The book starts with Eddie Spinola bumping into his
ex-brother-in-law. One of the good things about divorce, Eddie
reckons, is the fact that he hasn't had to meet with Vernon Gant
since he split with Melissa, his wife.
Gant was a nasty sort of fellow, a drug dealer who was content to
supply anyone who had money. He doesn't appear to have changed much
in the last few years. Spinola is painfully aware how pathetic he
must appear. He hasn't moved on or up in the last ten years. He's a
copywriter for a small publisher, and he can't even finish off his
For some reason, he blurts this out to Gant over a drink, and Gant
suggests some help. He gives Eddie a drug, but not something from
the streets: this one's a wonder-pill that makes the brain fizz. It
makes people incredibly efficient, they can read information, absorb
facts and project forwards. Anyone in business will achieve
fantastic success, no matter what the job. It's Viagra for the
brain. The only trouble is, Eddie learns that there are some ominous
side effects. Blackouts, sudden loss of motor function, headaches.
And things get worse, much worse.
There are shades of various books in this. I got the feel that the
writer must have read HG Wells's The Invisible Man, and
taken on board the concept nothing brilliant comes for free. I have
to admit, though, that although I admire Wells's imagination and
stories, The Dark Fields was infinitely more gripping.

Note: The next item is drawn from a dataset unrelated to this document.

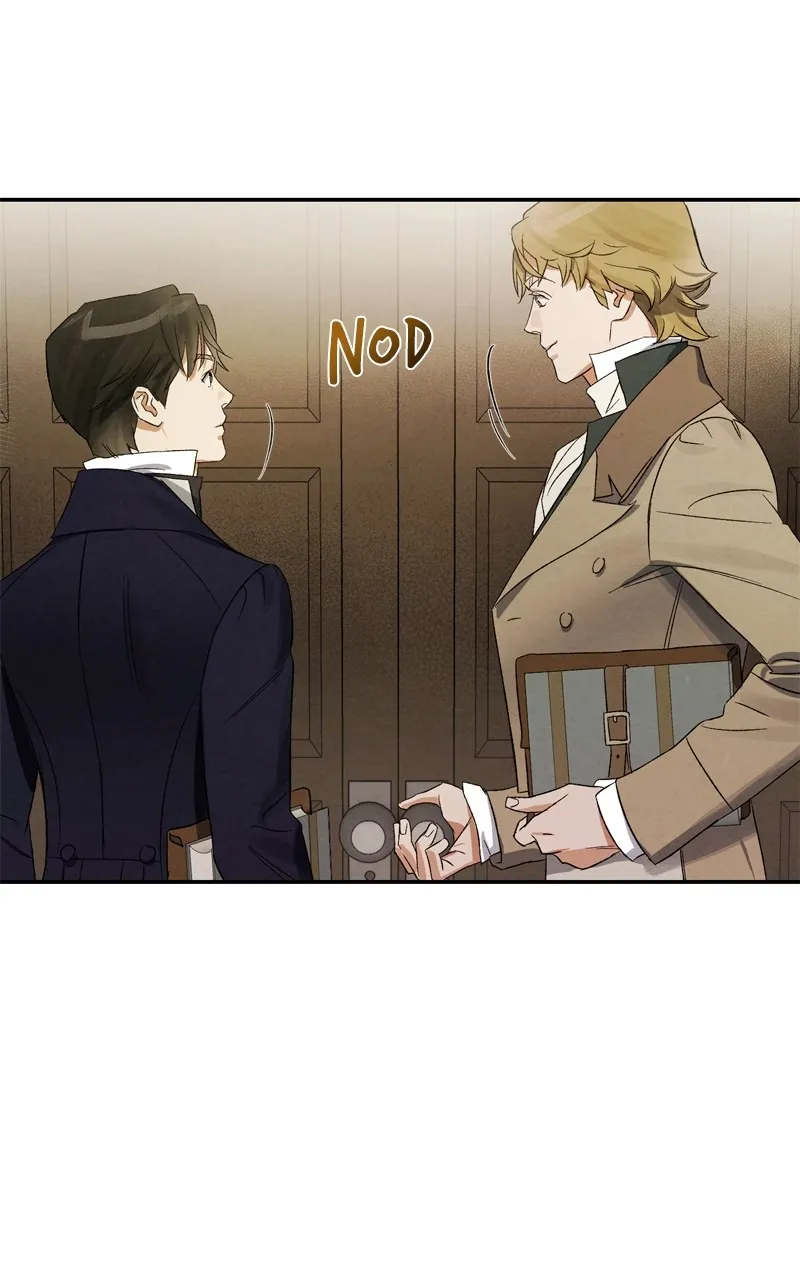 Dr. Kim of London Chapter 4 page 55 - 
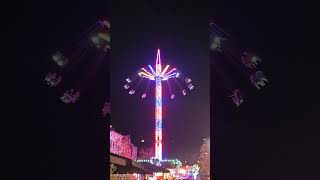 Kermis Zutphen 2024 shorts kermis [upl. by Nauqal]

Yes, it is a first novel, and yes, the very earliest pages show
that. There's a slight feeling of lightness of characterisation, a
vagueness in the initial fifteen or so pages, but whip through them,
and suddenly you're into familiar thriller territory, but with a
spin. This is about drugs, but other things too. It takes the reader
through the machinations of big money men in New York, the seamier
side of drug dealing, the deeply unpleasant business of loan
sharking, and of course there are several murders. All set against a
backdrop of lunacy at the White House.
However as I said before, the main thing here is the impact of a
drug on a man. You can see the toll the drug is taking on his life.
First everything's up, as his career soars, his life becomes
exciting, and he starts to make a fortune in cash. And then the
spiral tops out and you witness the gradual disintegration of the
man, his career and his life. It's fascinating, and superbly
observed. Very gripping, very imaginative, quite enthralling.